[Records shown Boundary: Start]

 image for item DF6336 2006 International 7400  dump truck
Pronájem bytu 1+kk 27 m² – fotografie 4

[Records shown Boundary: End]
[Records shown Boundary: Start]

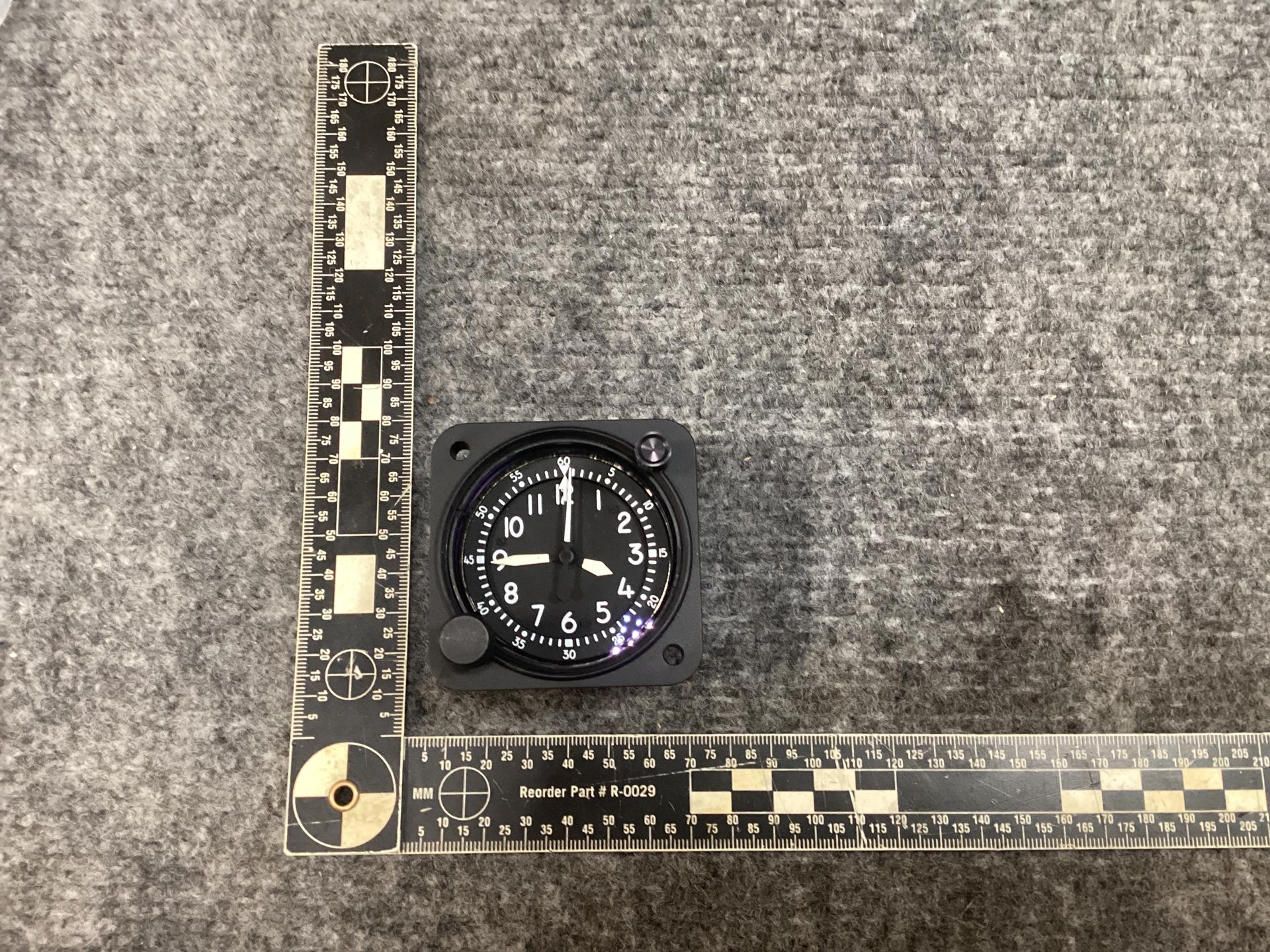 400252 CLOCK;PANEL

[Records shown Boundary: End]
[Records shown Boundary: Start]

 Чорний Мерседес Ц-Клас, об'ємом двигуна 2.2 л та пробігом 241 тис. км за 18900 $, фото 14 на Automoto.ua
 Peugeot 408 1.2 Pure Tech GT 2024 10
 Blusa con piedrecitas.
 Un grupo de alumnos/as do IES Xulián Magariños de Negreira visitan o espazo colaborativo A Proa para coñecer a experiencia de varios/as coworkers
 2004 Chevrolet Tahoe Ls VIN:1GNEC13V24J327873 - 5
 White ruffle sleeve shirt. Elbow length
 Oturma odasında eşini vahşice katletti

[Records shown Boundary: End]

◆ Task prompt:
Reproduce, word for word and in full, only the lines above that start at the line with "image for item" and run through the line with "Pronájem bytu 1+kk 27 m² – fotografie 4", both ends included.

◆ Answer space:
 image for item DF6336 2006 International 7400  dump truck
Pronájem bytu 1+kk 27 m² – fotografie 4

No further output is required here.